日本の代表的なミックススパイスである「七味唐辛子」において、江戸時代から続く長い歴史を持ち、全国的に有名な3つの老舗店の総称です。
江戸時代初期に薬研堀(現在の東京都中央区東日本橋周辺)で創業した老舗で、七味唐辛子の発祥とも言われています。現在は浅草寺の門前に店を構え、黒ごまや陳皮の香りが特徴的です。辛さを引き立てつつも、漢方薬をヒントに調合されたという風味豊かな香りが、江戸っ子に愛されてきたピリッと辛い江戸前の七味です。

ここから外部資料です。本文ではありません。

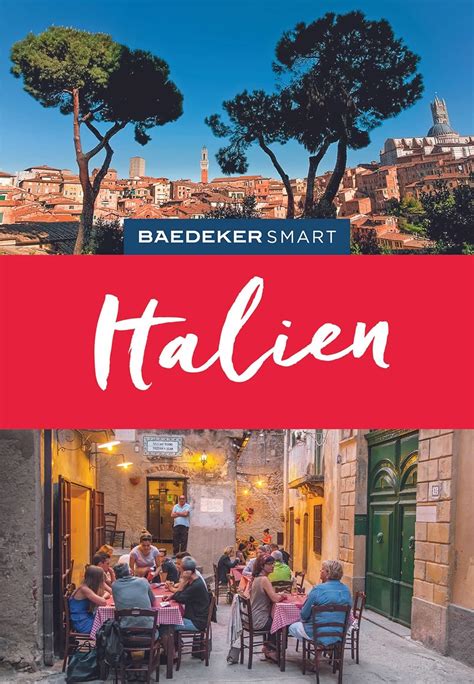 Baedeker Smart Reisef Hrer Italien Kilimann Susanne Amazon Be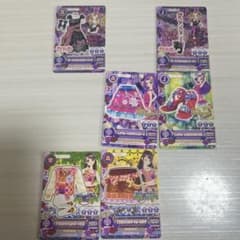 アイカツカードのサムネイル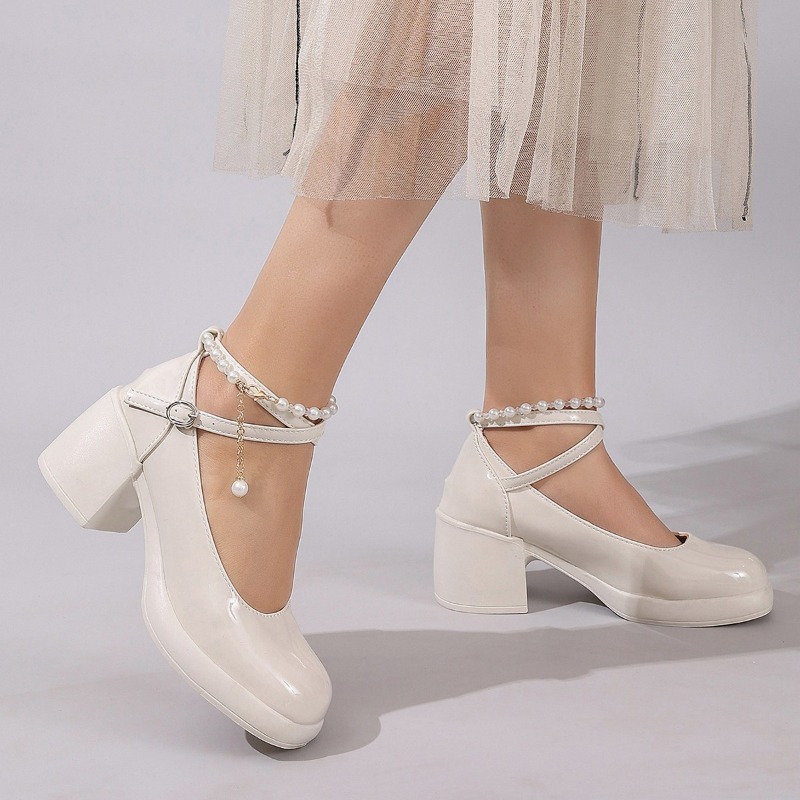 Escarpins à talons hauts pour  - Women'S Shoes avis et prix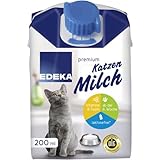 EDEKA Katzenmilch 200ML (10 x 200ml)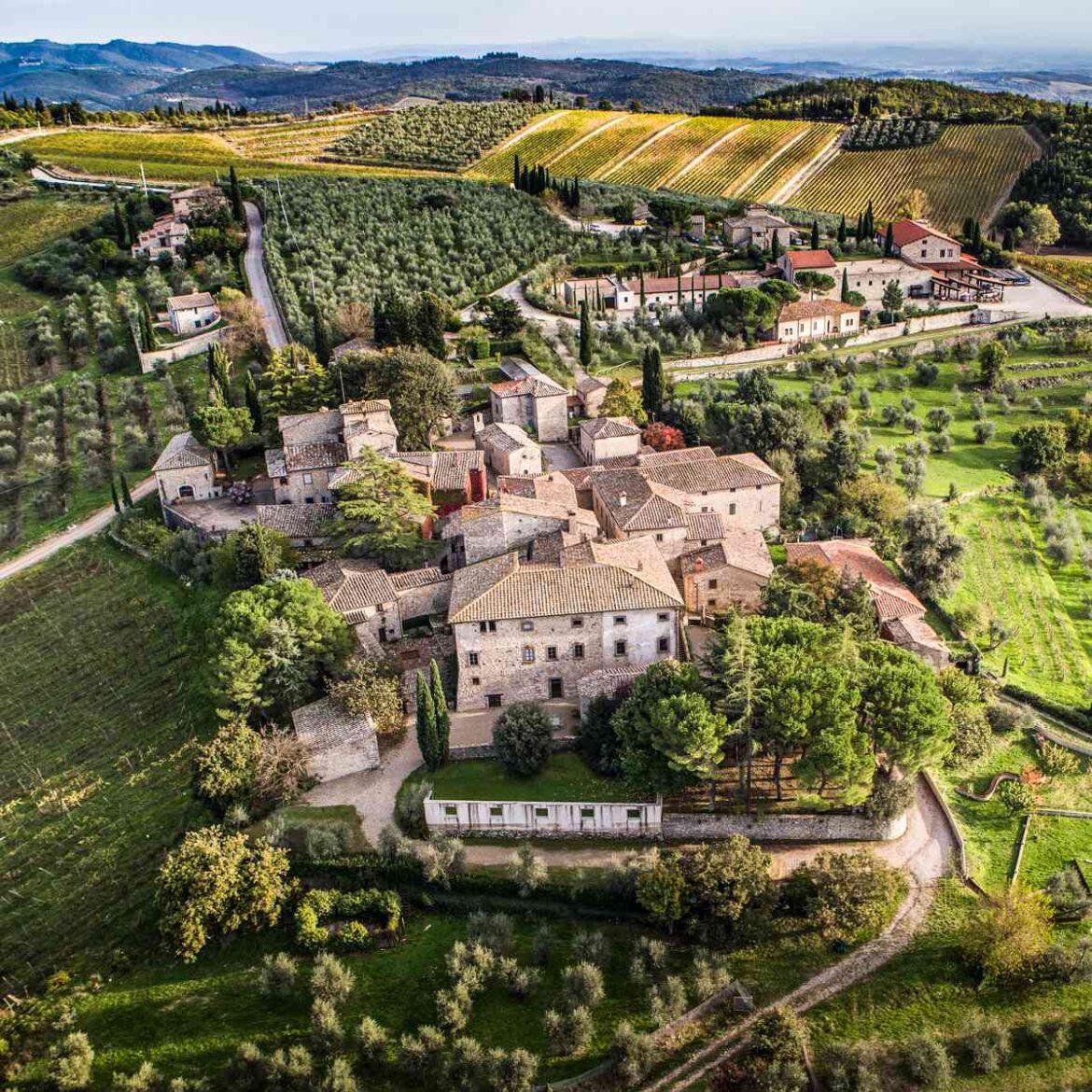 21 Best Wineries in Tuscany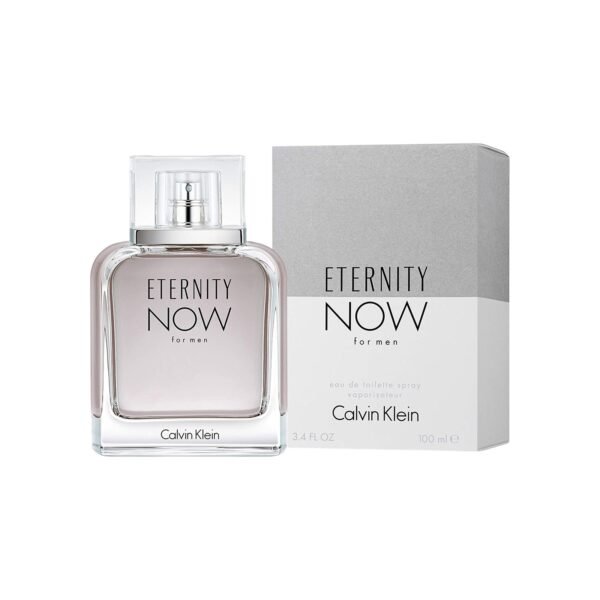Calvin Klein Eternity Now For Men Eau De Toilette Spray 100ml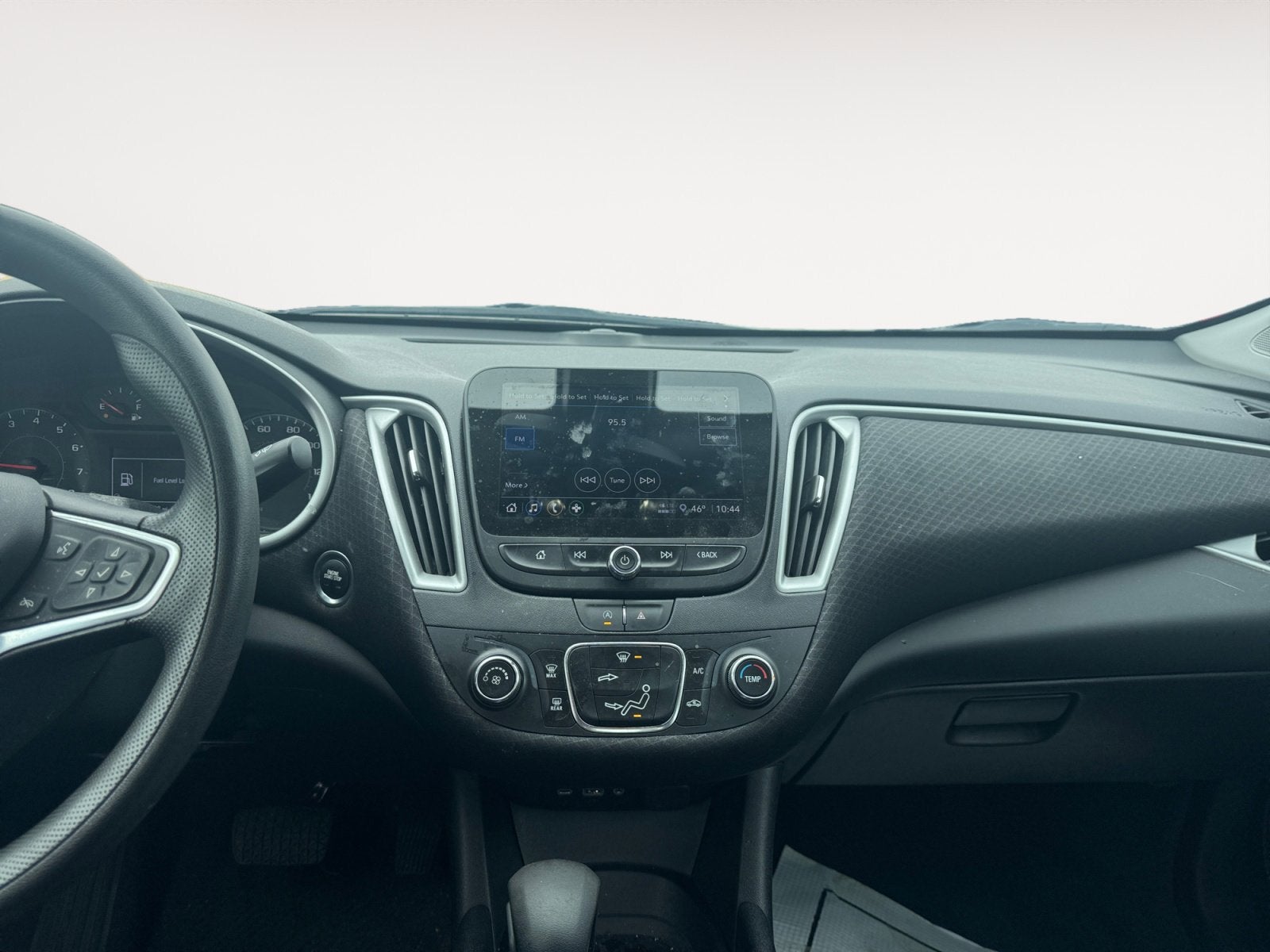 2022 Chevrolet Malibu LS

京都の清水寺の参道(産寧坂)に店を構える老舗です。江戸時代から続く京都らしい上品な配合が特徴で、唐辛子の辛さを抑える代わりに、山椒、青紫蘇(しそ)、黒ごま、白ごまなどを多めにブレンドしています。辛味よりも香りと風味を重視しており、うどんや湯豆腐など、出汁の効いた関西の薄味の料理に非常によく合います。
長野県の善光寺の門前に本店を構える老舗です。ブリキの缶に唐辛子の絵が描かれたパッケージで全国的に知られています。信州の厳しい寒さを乗り切るために、唐辛子の強い辛味をベースに、生姜や麻種などをブレンドした独特の配合が特徴です。信州そばはもちろん、豚汁などの身体が温まる料理と相性抜群の七味です。